Em primeiro lugar, reconhecer a união civil de casais do mesmo sexo não leva a uma epidemia de homossexualidade, como alguns defendem. Equiparar os casais homossexuais e mistos em termos de direitos não é o mesmo que criar “mais uma opção” em termos de civilidade. Quem é homossexual não se vai sentir inibido por não usufruir de direitos sucessórios, e quem é heterossexual não vai reconsiderar a sua orientação simplesmente porque os casais “gay” gozam dos mesmos direitos. Cada um vai continuar a ser como é. Há ainda os que temem que exista uma agenda que leve mais tarde ao evento do casamento “gay” ou da adopção. Temer o quê? Cada coisa a seu tempo, e o simples reconhecimento de uma união civil entre duas pessoas que partilham as suas vidas, indiferente do seu género, não vai gerar nenhum efeito dominó. Se a sociedade estiver suficientemente amadurecida para que se tomem os passos seguintes, certamente que não será contra a vontade da maioria.
E quanto ao tema da adopção por casais homossexuais, tenho escutado muitas opiniões, a maioria contra ou “com muitas reservas”. Uma vez que não existe uma forma natural de gerar uma vida, é normal que se pense na adopção, e o que não falta são crianças que esperam por uma família que lhes providencie um lar, carinho e educação, infelizemente. Em primeiro lugar considero que uma criança em risco estará melhor entregue a um casal “gay” do que institucionalizada, mas ainda assim prefiro que os pais adoptivos sejam um homem e uma mulher. Essa é apenas a minha opinião. O que não posso concordar é com a ideia que uma criança que seja adoptada por homossexuais se venha a tornar ela própria homossexual. Por essa lógica não existiriam homossexuais, uma vez que todos tiveram um pai e uma mãe, e muitos deles cresceram no seio de famílias funcionais e perfeitamente heterossexuais. Quem defende que os casais homossexuais pretendem adoptar crianças com fins predatórios, bem, esses nem merecem qualquer espécie de comentário. Prefiro abster-me de validar argumentos deste tipo na forma de comentário.

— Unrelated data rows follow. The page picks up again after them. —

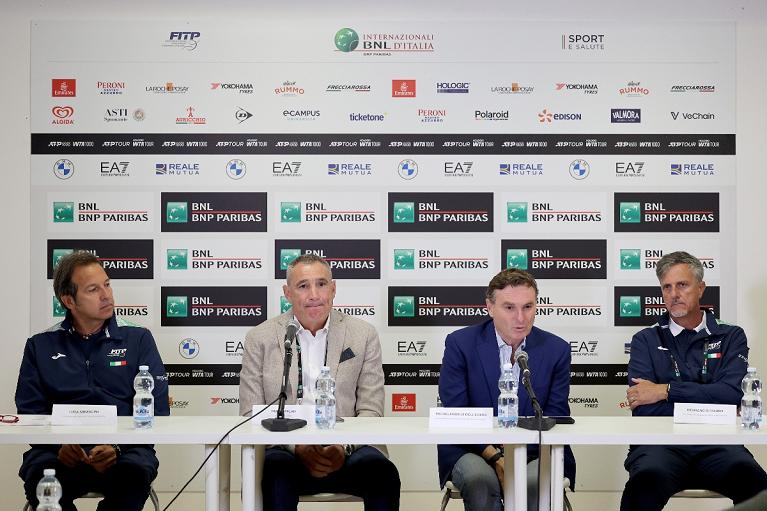 Un momento della presentazione del torneo Tennis Europe Under 16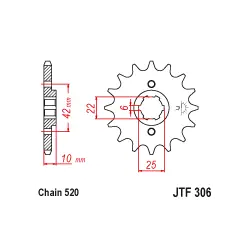 Akciós ár JTF306 első lánckerék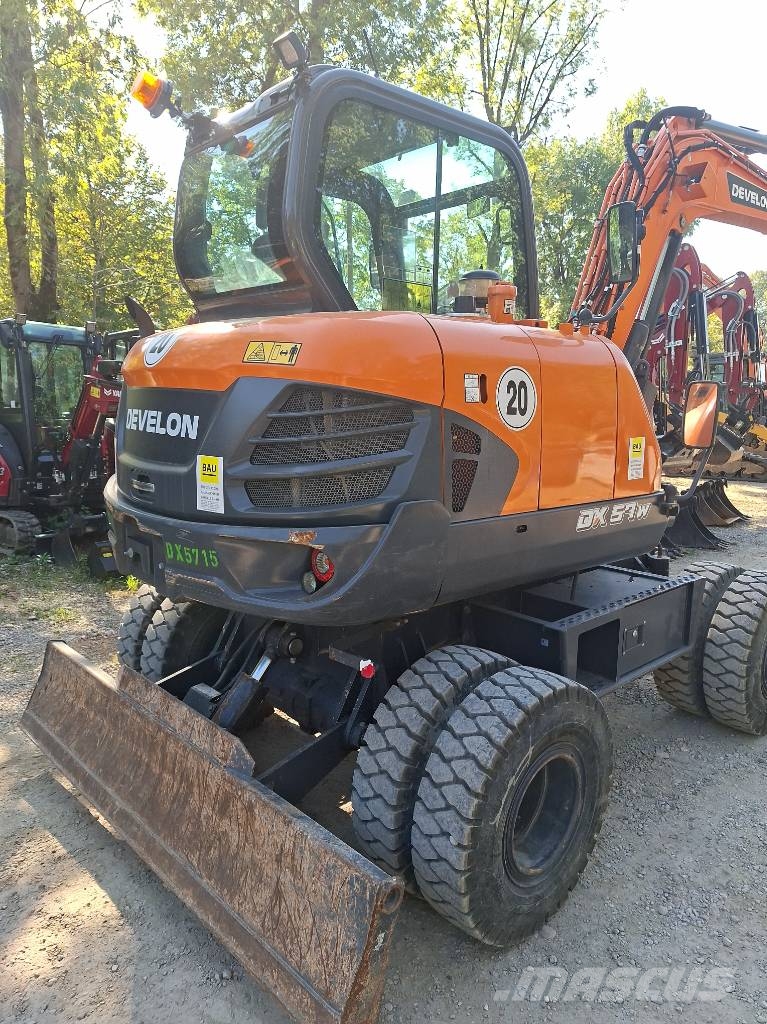 Develon Mobilbagger DX 57 W-7 Bagri na kolesih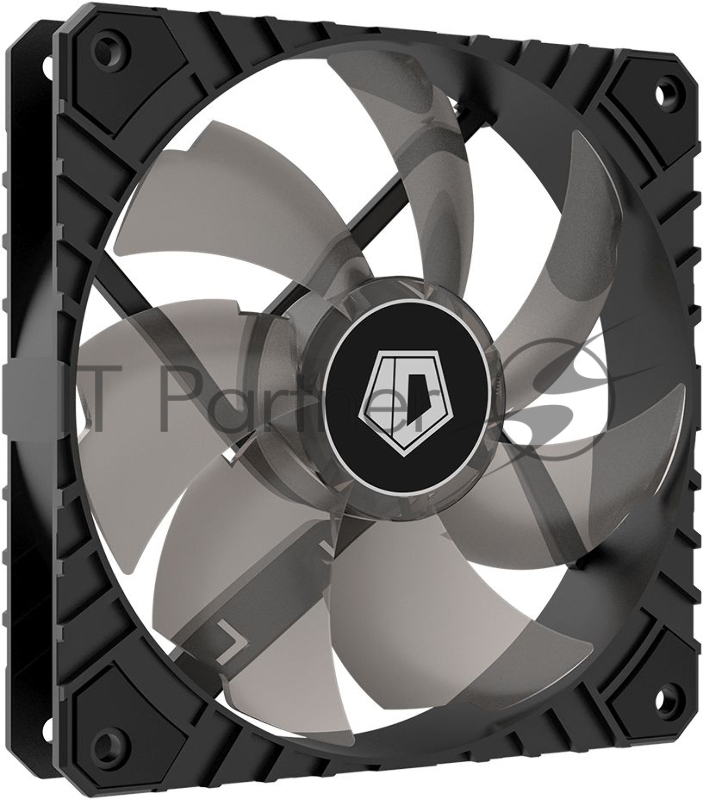 Вентилятор ID-COOLING WF-12025-SD-K 120x120x25мм (80шт./кор, 1600об/мин, Black) BOX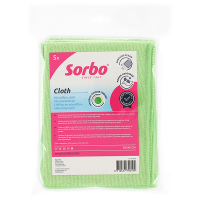 Sorbo Professionele Microvezeldoek Groen (5 stuks)  SSO04055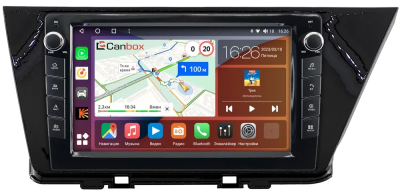 Штатная магнитола Canbox H-Line 7822-9-0742 для Kia Niro 2016-2022 (черная, глянцевая) на Android 10 (4G-SIM, 4/32, DSP, IPS) С крутилками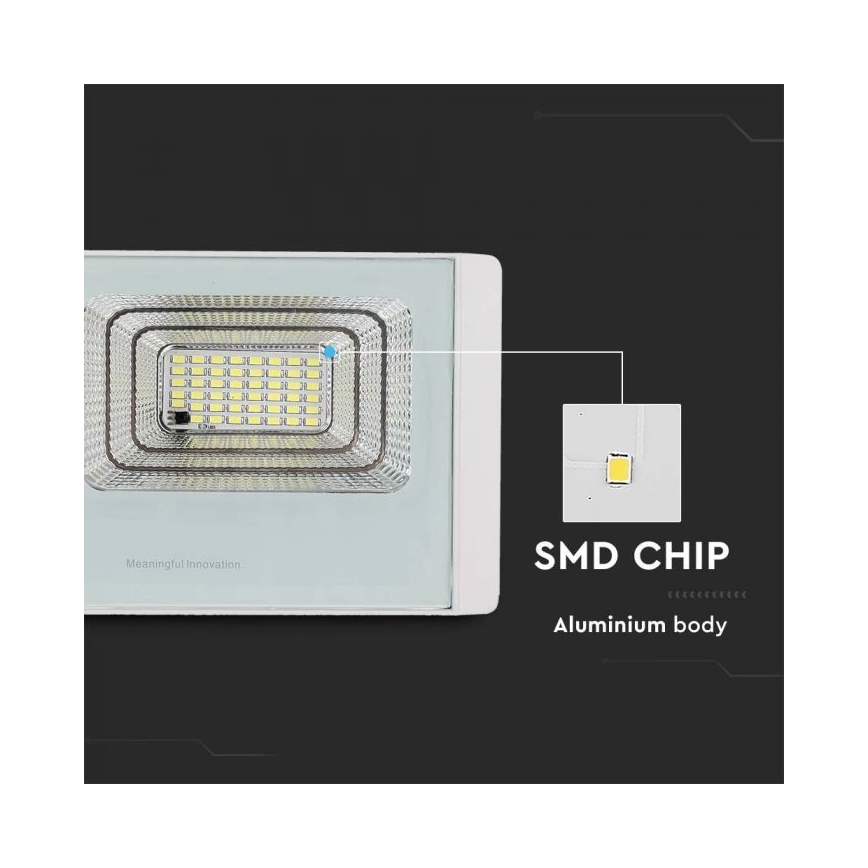LED Lauko saulės prožektorius LED/12W/3,2V IP65 6400K + nuotolinio valdymo pultas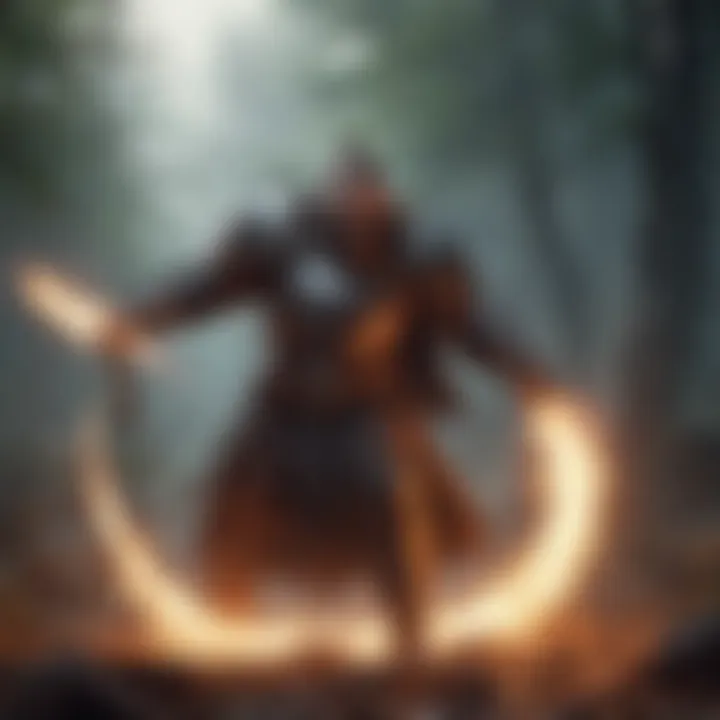 An engaging Magic: The Gathering game in progress.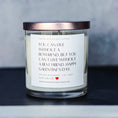 Load image into Gallery viewer, "You can live without.." Galentine's Day 9 oz Whiskey Glass Jar Soy Candle - Choose Your Scent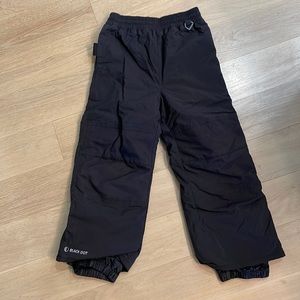 Black Dot Snowboard Pants Youth Small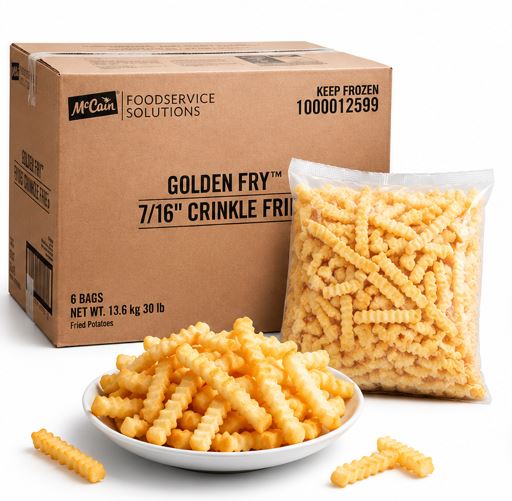 Papas a la Francesa Corte Ondulado 2.26kg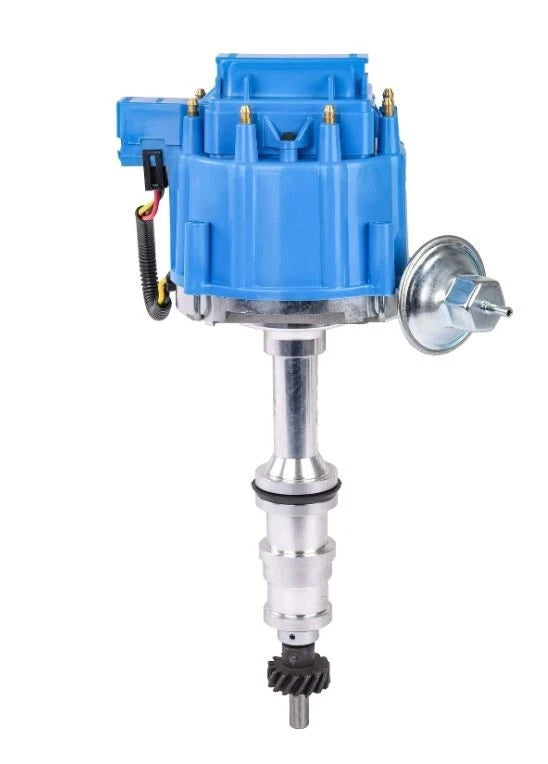 Small Block Ford FE 352-458 HEI Distributor 65k Coil Blue Cap D33107BU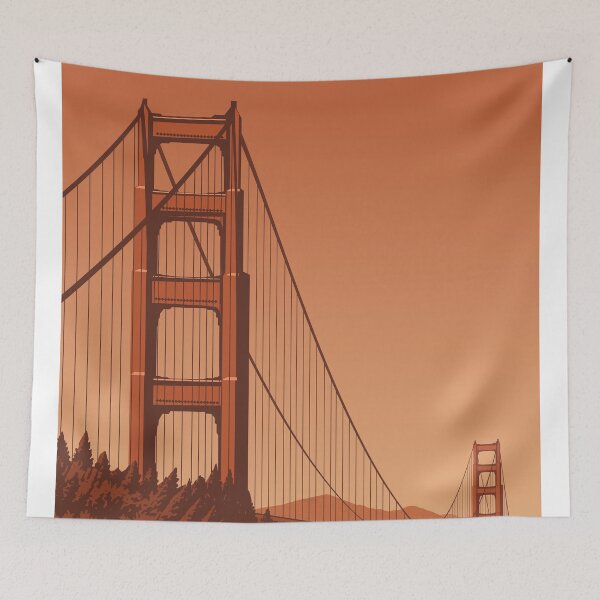 Item preview, San Francisco Golden Gate Bridge Vintage designed and sold by Zakaria Azis.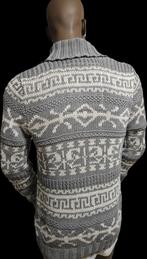 PME Legend katoenen gebreid vest met Noors motief (XL), Kleding | Heren, Truien en Vesten, ., Maat 56/58 (XL), Ophalen of Verzenden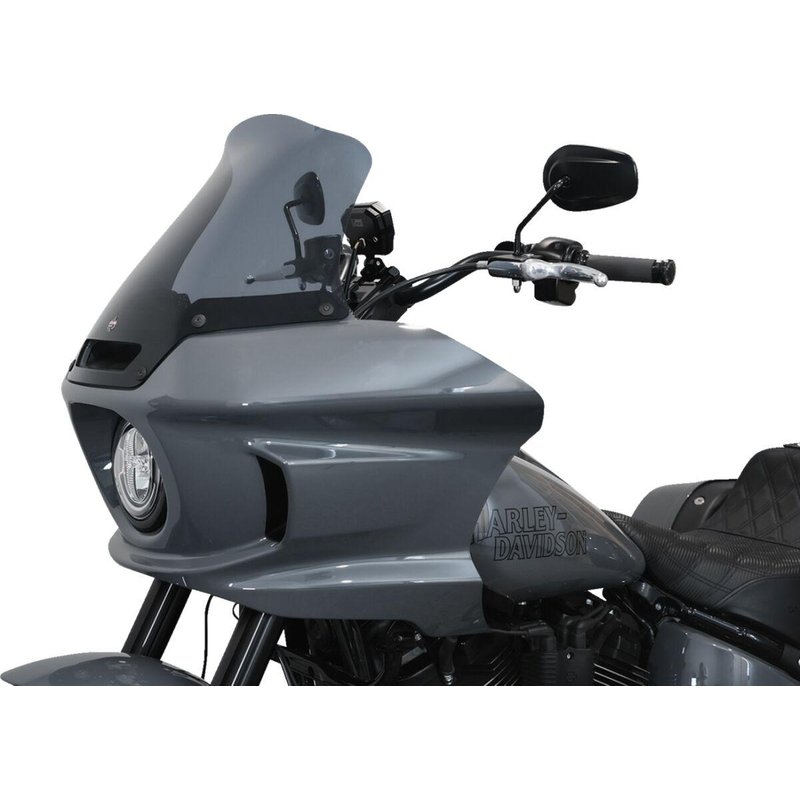 KWW-02-0611-DS - Klock Werks Flare Windshield For Harley Davidson FXLRST 1923 2022-2025 25.5 cm (10") - Dark Smoke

Devido à natureza periférica do território e a gritante falta de poder decisório completamente independente, é de esperar que sejam outros países da região a tomar a iniciativa no que concerne a estes direitos tão progressistas, e mais uma vez se espera que seja o Japão a dar o primeiro passo – afinal é o país do sol nascente que mais se assemelha a uma democracia ocidental, apesar das diferenças que se detectam a olho nu. Em Macau não se pode esperar muito neste sentido, ou pelo menos antes que a China tome a iniciativa, o que pode levar ainda décadas. Não se sabe bem. Por enquanto vão continuar a existir homossexuais, e não vai ser o conservadorismo ou a tradição que os vai abater. Com ou sem leis que equiparem a sua união à dos casais heterossexuais, eles vão andar por aí, e é mais que certo que vão ser cada vez mais. Se isto é fruto da evolução ou da mudança de valores, cabe aos especialistas analisar. Mas que os há, há.